En termes d’impact sur l’environnement, les camps génèrent quelque 8,1 millions de tonnes de déchets par an, principalement des plastiques qui pourraient être recyclés. Par ailleurs, l’immense majorité de ces réfugiés, soit 90 %, sont alimentés en électricité par des générateurs au diesel, lorsque ce combustible est disponible, ou dépendent de la biomasse traditionnelle pour cuisiner, c’est-à-dire des forêts avoisinantes, dont 64.700 hectares sont détruits chaque année. Le besoin d’accès à une énergie propre est criant.

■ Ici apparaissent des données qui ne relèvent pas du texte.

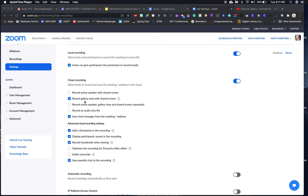I've been using the gallery view with the shared screen—I believe it takes in the most. And then you can decide if you also want to save the chat messages from the meeting. It'll save in a separate file like a text file. I like it because it allows me to go back and double-check my attendance.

Les plus grands camps de réfugiés du monde se trouvent au Soudan (Um Rabuka), en Jordanie (Zaatari), au nord-est du Kenya (Dadaab), au Bangladesh (Kutupalong) et au nord-ouest du Kenya (Kakuma). C’est depuis ce camp au Kenya que le Congolais Vasco Hamisi explique à Equal Times comment il a fait de nécessité vertu :

« Mon entreprise de panneaux solaires a amélioré la vie d’autres réfugiés, en leur fournissant de l’électricité bon marché, en leur évitant d’utiliser de la paraffine et des piles à usage unique, en réduisant les risques pour la santé et en les aidant à créer de petites entreprises après le coucher du soleil pour stimuler leur économie », explique-t-il.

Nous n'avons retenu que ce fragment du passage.